Of what does this relationship consist? My own hunch, and it is only a hunch, is that an explicitly spatial dimension -- of a co-dimension inclusive of our continuum -- allows a hologram of other realized forms of organization, far distant, to become visible at certain levels of quantum resonance in the synaptic field. These levels have been damped by selection in favor of more directlyrelevant lines of information relating to animal survival. Evolution does not reinforce selectively the ability of an organism to perceive at a distance since such an ability has no selective advantage, unless the information it conveys falls upon the receptors of an organism already sophisicated enough in its use of symbols to abstract concepts for later application in different contexts.

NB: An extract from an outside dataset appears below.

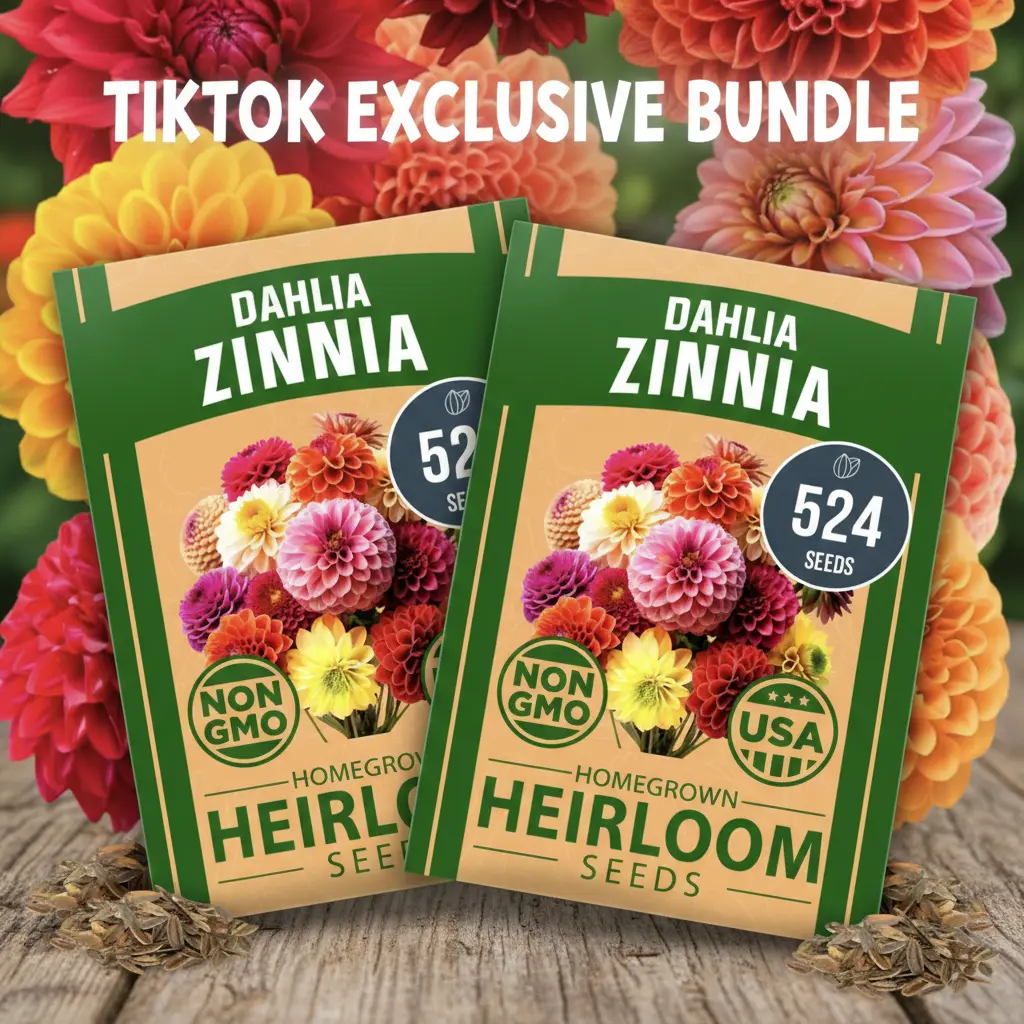2 Pack Zinnia Dahlia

Thus, these quantum resonances carrying intimations of events at a distance only begin to acquire genetic reinforcement once a species has already achieved sufficient sophistication to be called conscious and mind-possessing. The use of hallucinogens can be seen as an attempt at medical engineering which amplifies, for inspection by consciousness, the quantum resonance of the other parts of the spatial continuum holographically at hand. This experience is the vision which the UFOs and psilocybin impart: visions of strange planets, life forms, perspectives and societies, machines, ruins, landscapes. The hierophanies all unfold in a nunc stans that has all space -- standing in it -- like a frozen hologram. Thus, experimentation with hallucinogens by human beings and the rise in endogenously produced hallucinogens as one advances through the primate phylogeny could both be due to a slow focusing on the phenomenon of imagination. Imagination being the deepening involvement of the species with things beheld but not actually existing in the present at hand.
- Terence McKenna - _Open Ending_
If we were to look closely at an individual human being, we would immediately notice that it is a unique hologram unto itself; self-contained, self-generation, and self-knowledgeable. Yet if we were to remove this being from its planetary context, we would quickly realize that the human form is not unlike a mandala or symbolic poem, for within its form and flow lives comprehensive information about various physical, social, psychological, and evolutionary contexts within which it was created.